__BRIEF__
An exact reprint of the listing is required, with no pictures included.

__COLLECTED MATERIAL__

——

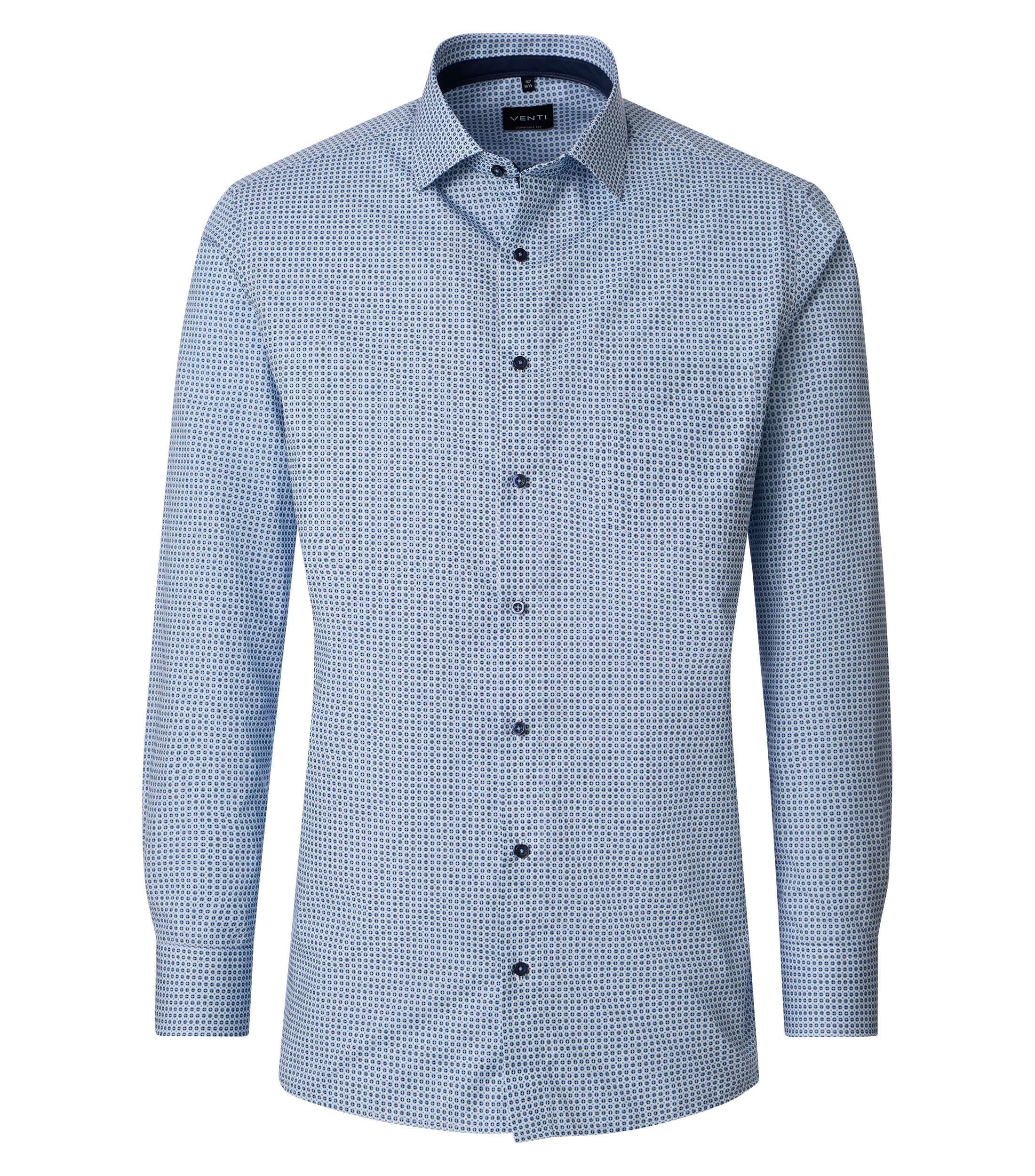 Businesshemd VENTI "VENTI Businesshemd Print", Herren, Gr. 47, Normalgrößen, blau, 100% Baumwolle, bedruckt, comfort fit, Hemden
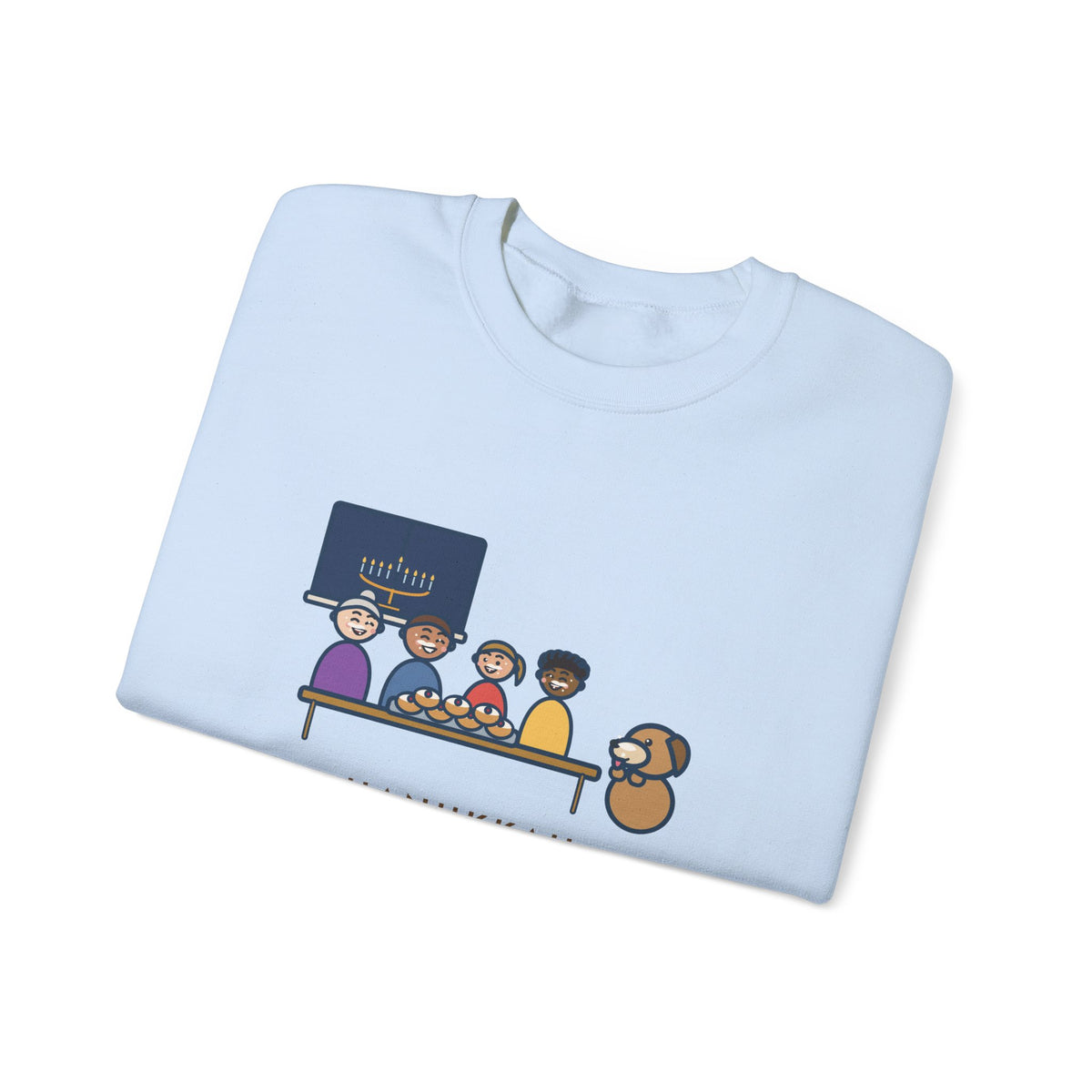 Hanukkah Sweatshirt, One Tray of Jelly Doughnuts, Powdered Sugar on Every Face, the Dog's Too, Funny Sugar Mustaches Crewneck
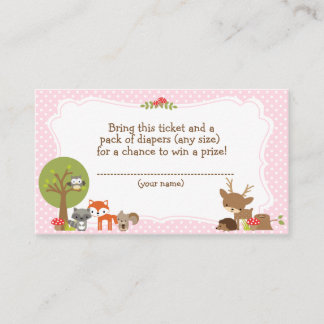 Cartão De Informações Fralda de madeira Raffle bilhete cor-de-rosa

——

__RESULT BELOW__
 Businesshemd VENTI "VENTI Businesshemd Print", Herren, Gr. 47, Normalgrößen, blau, 100% Baumwolle, bedruckt, comfort fit, Hemden
 Hanukkah Sweatshirt, One Tray of Jelly Doughnuts, Powdered Sugar on Every Face, the Dog's Too, Funny Sugar Mustaches Crewneck
 Cartão De Informações Fralda de madeira Raffle bilhete cor-de-rosa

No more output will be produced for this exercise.